Sanubabu Timilsina
Hours after 19 people were killed in yet another bus plunge in Dhading on Tuesday, former Prime Minister and UML Chair K P Oli sought time from the Speaker to deliver an hour-long speech in Parliament. He spent most of it to slam Prime Minister Pushpa Kamal Dahal’s foreign policy, but did not utter a word about the Dhading accident.
Dhan Bahadur Ghale, an MP elected from the Constituency of Dhading where the disaster took place, was listening to Oli. But neither did he think it necessary to bring up the issue of road fatalities before Parliament, even though so many people from his own constituency had just been killed.
Again, most of the people who perished in the Dhading crash were earthquake survivors. They were returning to their village of Marpak after receiving the first instalment of reconstruction grants of Rs 50,000 from the district headquarters of Dhadingbesi. But that tragedy did not move Ghale, the opposition or the government. The dirt track connecting Dhading besi with Marpak was built a decade ago, and had been damaged by landslides in several places after Monday night’s rains. In addition, the bus was overloaded.

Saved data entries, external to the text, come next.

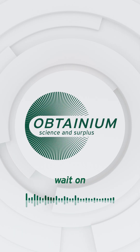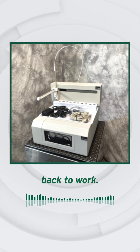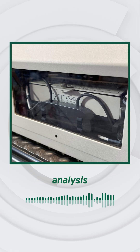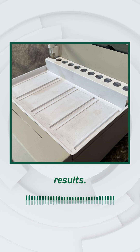Backlog building up while you wait on a new analyzer? Bridge the gap with a proven legacy system you can put back to work. This SeaTac M6000A Mercury Analyzer with ASX500 Auto Sampler delivers precise mercury analysis for environmental and industrial labs, handling high sample workloads with dependable results.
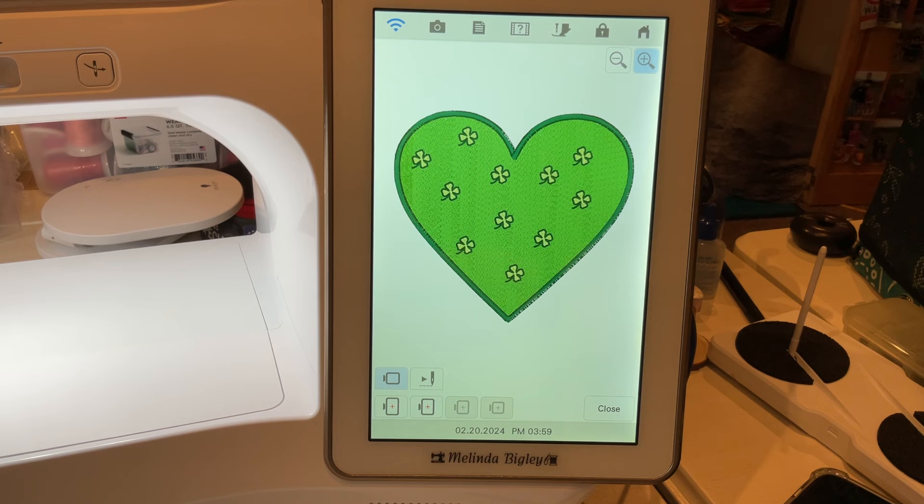Hello and welcome back. I'm Melinda Bigley, Baby Lock educator, and today I wanted to show you a couple of things. This is going to look similar to what we did yesterday or so, but there are a few little changes — not only aesthetically but also something I want you to see in IQ. So we're going to close that, save it to memory.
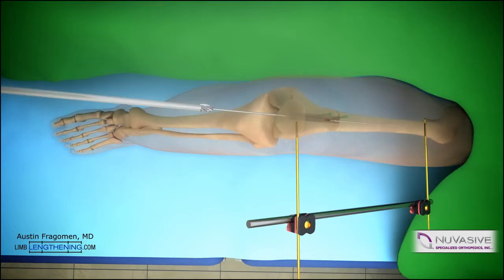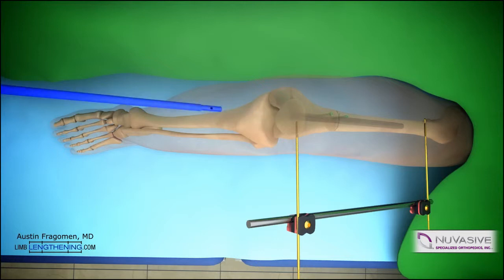A ball-tipped guide wire is then inserted in the path that was already pre-reamed, and then down past the osteotomy site. Sequential reaming is performed with flexible reamers in a standard fashion. We recommend reaming 2 millimeters over the diameter of the precise nail. The nail is then inserted.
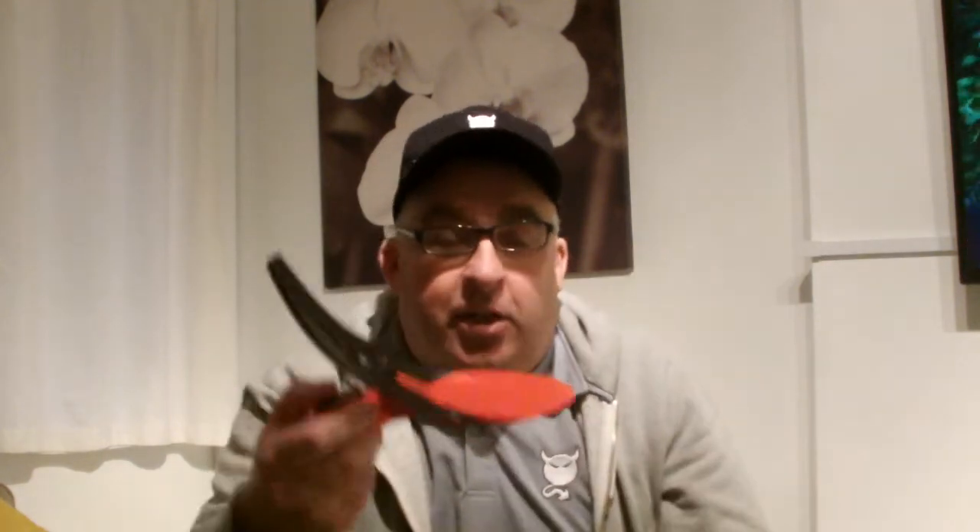The other good thing about this as well is it's not just restricted to you — the whole family could use it if they wanted to have some fun with it. Say Christmas or something like that, your family over, you're looking for things to do, party games — you can play a game of getting the ball in the hole, something like that. It's reasonably priced and probably worth it. So I'm going to set it up and we'll see what we can do.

It had the all-too-familiar list of causes: Poor road condition, overloading and violation of traffic rules. The syndicate of transport entrepreneurs that prevents the administration from taking action. Political parties did not raise this issue adequately in the House, not even Ghale who is from the opposition bench.
A few weeks ago, 27 people were killed when an obsolete and overcrowded bus fell off the edge of a dirt road in Kavre. Then, 22 people were killed when a bus driven by an exhausted driver plunged into the Trisuli, and this week, former Home Minister Madhav Ghimire’s car fell into the same river. He has not yet been found. (See page 4)
Government promptly forms a probe panel after every plane crash, but there is no inquiry into bus accidents. And the opposition party is also indifferent because everyone is only obsessed with power games in Kathmandu.